Lekuo RTL9101 M.2 to 8-Port SATA HBA Review: True Multi-Port Architecture Without Multiplexing Compromises
Introduction
The evolution of M.2-based storage expansion continues with this Lekuo RTL9101-powered SATA HBA card, representing a fundamental architectural shift from previous generation designs. While superficially similar to existing M.2 SATA expansion solutions, this card delivers eight SATA 6Gbps ports through dual SFF-8087 connectors with a critical distinction: native port implementation rather than port multiplication. For homelab administrators and storage enthusiasts working within M.2 form factor constraints, this represents a meaningful upgrade in both performance predictability and power management sophistication.

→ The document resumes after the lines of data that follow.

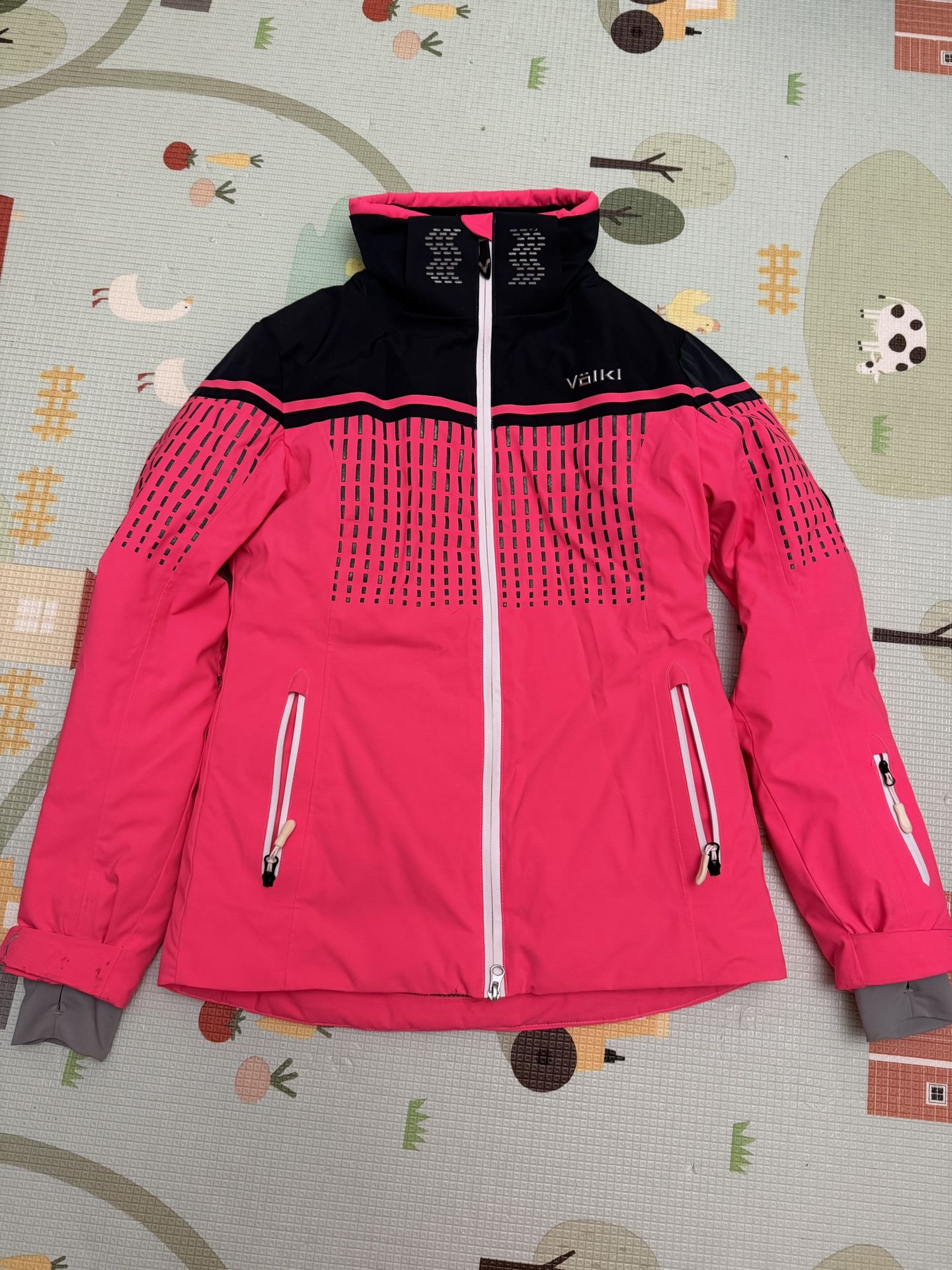 VolklWomens Ski Jacket & Pants Set – Size M /EUR38 – Pink – Waterproof Snow Suit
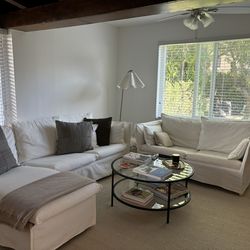 Chic White Loveseat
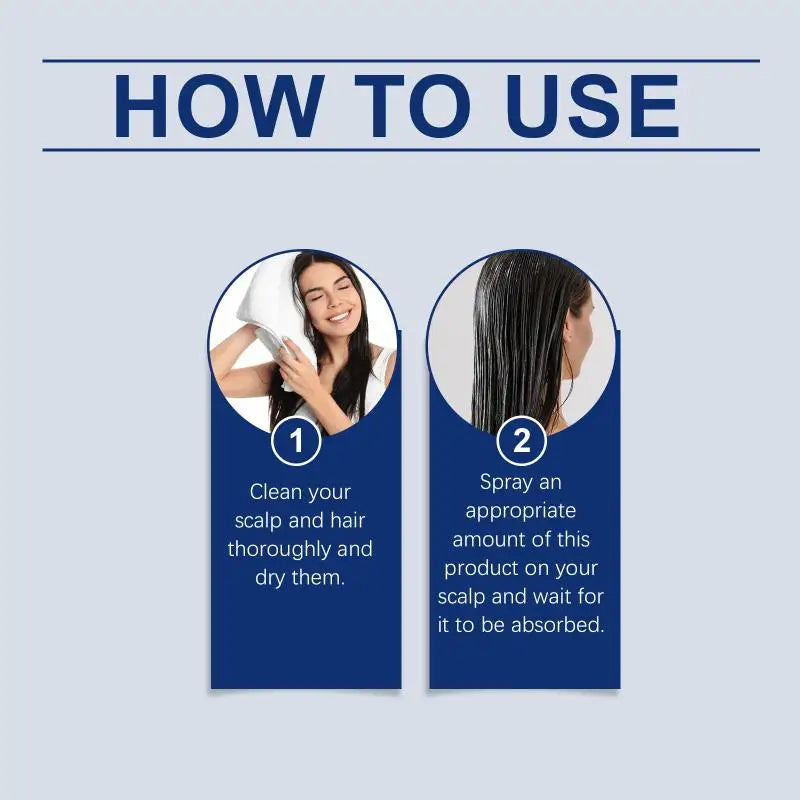 New Hair Nourishing Spray Strengthens Hair Strands, Moistens Hair Follicles, Improves Hair Quality, Makes Hair Plump And Shiny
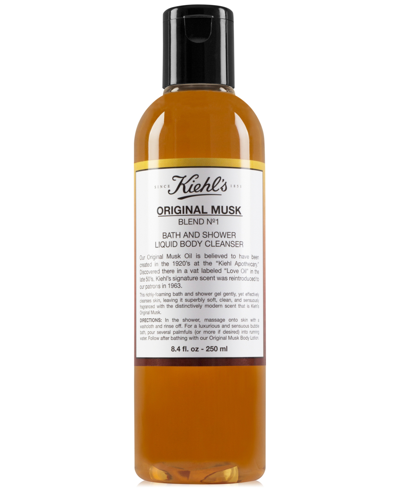 KIEHL'S SINCE 1851 ORIGINAL MUSK BATH & SHOWER LIQUID BODY CLEANSER, 8.4-OZ.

You can buy this HBA with the link below:
https://lekuo.shop/products/lekuo-8-port-m-2-pcie-3-0-sata-expansion-card
What’s in the box
The card and the included two SFF-8087 to SATA cables are packaged in an unassuming cardboard box - they even included a M.2 screw, which is nice.
Hardware Overview
This M.2 card leverages the Realtek RTL9101 PCIe-to-SATA bridge chipset, a design that natively supports nine independent SATA 3.1 controllers. Due to M.2 form factor limitations, the card implements eight of these controllers through two SFF-8087 connectors, each delivering four SATA 6Gbps ports. The card operates over a PCIe 3.0 x2 interface, providing 16Gbps of theoretical bandwidth shared across all connected drives.
Key Specifications:
Chipset: Realtek RTL9101
Interface: PCIe 3.0 x2 (M.2 M-Key)
SATA Ports: 8 (via 2x SFF-8087)
SATA Standard: SATA 3.1 (6Gbps per port)
Controller Type: AHCI 1.31 compliant
Onboard Storage: Customized SPI flash with embedded AHCI driver
The Critical Architectural Difference
Understanding what sets this card apart requires examining how previous generation M.2 SATA HBAs achieved multi-port expansion. The widely used JMB585+JMB575 solution provides five native SATA ports from the JMB585 controller, then uses the JMB575 port multiplier chip to convert one of those ports into four additional ports. This means four drives share the bandwidth of a single SATA connection, creating potential bottlenecks during simultaneous operations.
The RTL9101 takes a fundamentally different approach. This chipset natively implements nine independent SATA controllers without relying on port multiplication. Each of the eight exposed ports operates as a true SATA controller with dedicated resources. Bandwidth distribution happens dynamically at the PCIe level rather than through fixed port multiplication hierarchies. This architecture delivers more predictable performance when multiple drives are active simultaneously.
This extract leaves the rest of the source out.